Мэйзи по-прежнему нема от испуга. Макэвой дышит ей прямо в лицо, его зловонное дыхание вырывается из дырки в студенистой массе.
— Прочь от меня! Шахта требует ребенка. Если ей не дать ребенка, погибнут шахтеры. Слышишь, не подходи!
— Отпусти ее! — приказывает ночной сторож.
Но Шон Макэвой продолжает шагать к стволу, притиснув к себе тело девочки. Ангелы поют в его мозгу, поют спасенные, благодарные шахтеры.
— Вот размахнусь сейчас и брошу ее в ствол, тогда шахта перестанет убивать мужчин.
— Отпусти ее, говорю!
— Сейчас ей дам невинного ребенка, и она успокоится.
Поют ангелы, поют спасенные мужчины. Мягкое тело девочки дрожит в его руках. Шон в экстазе. Вот и ствол. Его голодная пасть.
— Получай своего ребенка! — он поднял руки, и Мэйзи заглянула вниз, но не увидела дна. Она крикнула отчаянным голосом, а он ответил смехом — резким, хриплым, страшным.

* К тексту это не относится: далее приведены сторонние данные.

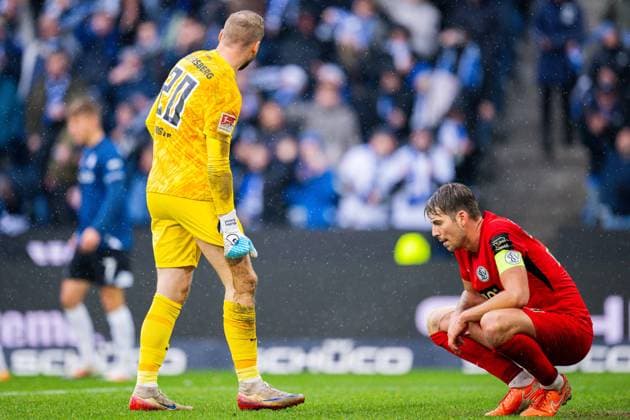 25 10 2025 Soccer, 2025 2026, 2 Bundesliga, 10 Matchday, DSC Arminia Bielefeld SV Elversberg L R Nicolas Kristof Elversberg , Maximilian Rohr Elversberg DFL REGULATIONS PROHIBIT ANY USE OF PHOTOGRAPHS AS IMAGE SEQUENCES AND OR QUASI VIDEO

В одно мгновение все поглотила тьма. Его руки разжались. Мэйзи выскользнула, чудом не упав в ствол. Поднялась на ноги, потом поползла, сама не ведая куда. Ствол возвышался позади, как дерево без листьев. Вот наконец пришли слова: «Мама, папа!» За ее спиной кто-то поднялся во весь рост, замахнулся шахтерской киркой. Двое дерутся, они слепы от ярости. Вот взметнулась вверх кирка. Мимо. Тогда стреляет ружье. Раз, два, три — три яркие вспышки, как огоньки на терриконе. На миг Макэвой слышит пение ангелов, шахтеров, которые шагают и поют, спасенных им шахтеров, разевает свою пасть ненасытный забой, Шон все еще ощущает дрожащее детское тельце, и вдруг — кромешная тьма. Тьма, как днем в забое. Он теряет равновесие и проваливается в ствол, ударяясь множество раз о его ступеньки. Облака, отбрасывая тень, посылают на миг непроницаемую улыбку в разинутую пасть шахты.
В кабак входит, словно призрак, ночной сторож, на его лице и на одежде кровь, на руках он песет ребенка. Шахтеры отодвинули от себя стаканы, умолкли сквернословие и смех, все с испугом смотрят на вошедшего. Тяжело дыша, он шагнул на середину комнаты и гневно бросил:
— Чей ребенок?
Холбрук, у которого от выпитого виски кружится, словно на карусели, голова, повернулся в его сторону. Хотел выругаться, засмеяться, но не шевельнулись губы. Чей ребенок? Это его Мэйзи. Ответил грубо:
— Моя девчонка. На кой черт она тебе понадобилась?
— Скажи спасибо, что ты тут живой сидишь и не ты за нее дрался. Какого черта бросил ее без присмотра, если это твой ребенок?